[[ Available records, beginning ]]

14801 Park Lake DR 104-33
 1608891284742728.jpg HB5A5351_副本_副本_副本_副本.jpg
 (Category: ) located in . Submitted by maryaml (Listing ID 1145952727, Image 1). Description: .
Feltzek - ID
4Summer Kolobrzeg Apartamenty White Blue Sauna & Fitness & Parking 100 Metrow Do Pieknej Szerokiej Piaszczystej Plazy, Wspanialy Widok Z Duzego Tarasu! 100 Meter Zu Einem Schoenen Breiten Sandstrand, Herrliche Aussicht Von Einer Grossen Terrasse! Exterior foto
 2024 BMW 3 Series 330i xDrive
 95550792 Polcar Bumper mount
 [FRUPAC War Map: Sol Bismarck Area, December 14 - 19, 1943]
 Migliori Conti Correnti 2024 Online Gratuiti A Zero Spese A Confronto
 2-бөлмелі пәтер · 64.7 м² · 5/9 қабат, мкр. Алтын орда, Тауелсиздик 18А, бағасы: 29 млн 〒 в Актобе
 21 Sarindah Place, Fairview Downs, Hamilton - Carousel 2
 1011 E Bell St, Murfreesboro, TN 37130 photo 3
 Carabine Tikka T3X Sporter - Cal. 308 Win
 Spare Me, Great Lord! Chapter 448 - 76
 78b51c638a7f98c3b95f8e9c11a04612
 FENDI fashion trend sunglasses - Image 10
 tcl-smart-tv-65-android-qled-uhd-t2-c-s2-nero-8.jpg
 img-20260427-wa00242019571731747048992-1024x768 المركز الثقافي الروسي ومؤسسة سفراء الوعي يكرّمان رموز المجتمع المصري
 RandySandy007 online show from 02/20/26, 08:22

[[ Available records, end ]]

Task directions:
Your answer must consist of every line above, reproduced exactly.

Response to this task:
14801 Park Lake DR 104-33
 1608891284742728.jpg HB5A5351_副本_副本_副本_副本.jpg
 (Category: ) located in . Submitted by maryaml (Listing ID 1145952727, Image 1). Description: .
Feltzek - ID
4Summer Kolobrzeg Apartamenty White Blue Sauna & Fitness & Parking 100 Metrow Do Pieknej Szerokiej Piaszczystej Plazy, Wspanialy Widok Z Duzego Tarasu! 100 Meter Zu Einem Schoenen Breiten Sandstrand, Herrliche Aussicht Von Einer Grossen Terrasse! Exterior foto
 2024 BMW 3 Series 330i xDrive
 95550792 Polcar Bumper mount
 [FRUPAC War Map: Sol Bismarck Area, December 14 - 19, 1943]
 Migliori Conti Correnti 2024 Online Gratuiti A Zero Spese A Confronto
 2-бөлмелі пәтер · 64.7 м² · 5/9 қабат, мкр. Алтын орда, Тауелсиздик 18А, бағасы: 29 млн 〒 в Актобе
 21 Sarindah Place, Fairview Downs, Hamilton - Carousel 2
 1011 E Bell St, Murfreesboro, TN 37130 photo 3
 Carabine Tikka T3X Sporter - Cal. 308 Win
 Spare Me, Great Lord! Chapter 448 - 76
 78b51c638a7f98c3b95f8e9c11a04612
 FENDI fashion trend sunglasses - Image 10
 tcl-smart-tv-65-android-qled-uhd-t2-c-s2-nero-8.jpg
 img-20260427-wa00242019571731747048992-1024x768 المركز الثقافي الروسي ومؤسسة سفراء الوعي يكرّمان رموز المجتمع المصري
 RandySandy007 online show from 02/20/26, 08:22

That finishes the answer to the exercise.